The problem —
Restate word for word the lines below that run from the one holding "跨境iPhone17充电器中规欧规兼容40-60W快充折叠适用苹果充电器" through the one holding "Page 388 of COMIC Penguin Club 2022-06", inclusive. Pictures don't belong in the copy.

Start of Input records

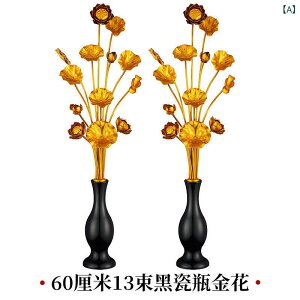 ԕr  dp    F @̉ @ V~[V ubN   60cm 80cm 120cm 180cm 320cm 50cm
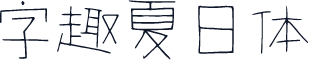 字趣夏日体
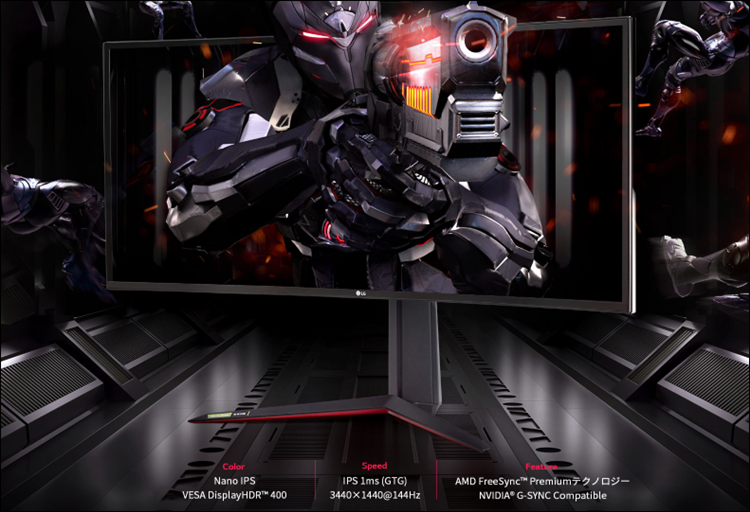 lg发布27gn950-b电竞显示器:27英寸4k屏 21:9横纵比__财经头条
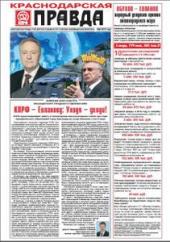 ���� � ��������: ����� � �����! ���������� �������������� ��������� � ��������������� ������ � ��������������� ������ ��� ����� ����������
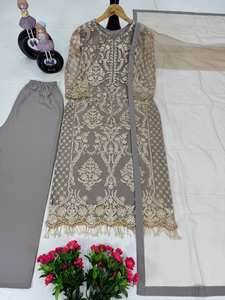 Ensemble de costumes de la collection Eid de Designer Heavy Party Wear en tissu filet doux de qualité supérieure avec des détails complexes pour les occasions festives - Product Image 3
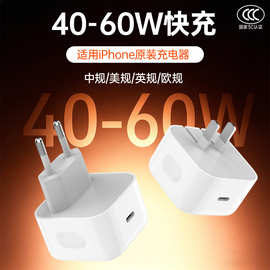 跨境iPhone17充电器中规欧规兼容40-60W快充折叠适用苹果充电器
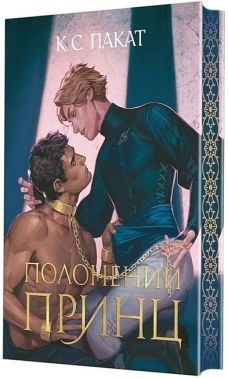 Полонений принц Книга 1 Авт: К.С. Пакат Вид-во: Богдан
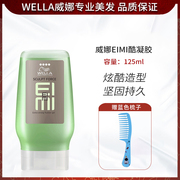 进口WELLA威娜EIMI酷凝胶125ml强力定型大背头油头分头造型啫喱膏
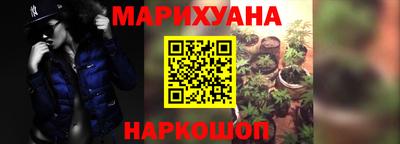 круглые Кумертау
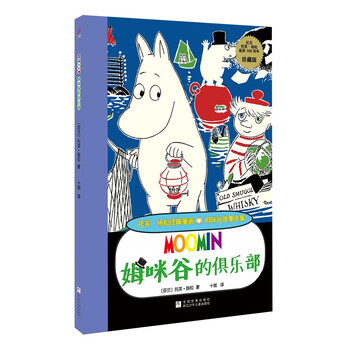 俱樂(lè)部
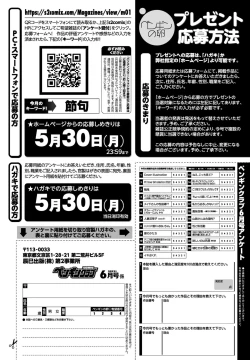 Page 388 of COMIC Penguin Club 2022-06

End of Input records
Start of Input records

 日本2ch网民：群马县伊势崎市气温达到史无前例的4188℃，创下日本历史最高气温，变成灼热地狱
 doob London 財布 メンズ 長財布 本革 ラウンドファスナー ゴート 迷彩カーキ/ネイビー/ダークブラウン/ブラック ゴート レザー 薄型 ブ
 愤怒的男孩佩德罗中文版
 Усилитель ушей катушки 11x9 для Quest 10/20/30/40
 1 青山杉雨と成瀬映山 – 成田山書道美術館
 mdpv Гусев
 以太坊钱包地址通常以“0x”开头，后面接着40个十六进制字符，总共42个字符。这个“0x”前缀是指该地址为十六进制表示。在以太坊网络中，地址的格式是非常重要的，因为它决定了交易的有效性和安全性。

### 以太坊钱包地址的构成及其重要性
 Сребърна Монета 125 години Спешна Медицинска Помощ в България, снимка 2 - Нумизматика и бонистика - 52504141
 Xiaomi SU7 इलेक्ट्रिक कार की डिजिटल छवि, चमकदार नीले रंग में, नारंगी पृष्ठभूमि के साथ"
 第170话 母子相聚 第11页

End of Input records

The answer —
 跨境iPhone17充电器中规欧规兼容40-60W快充折叠适用苹果充电器
 Полонений принц Книга 1 Авт: К.С. Пакат Вид-во: Богдан
 进口WELLA威娜EIMI酷凝胶125ml强力定型大背头油头分头造型啫喱膏
 круглые Кумертау
 俱樂(lè)部
 Page 388 of COMIC Penguin Club 2022-06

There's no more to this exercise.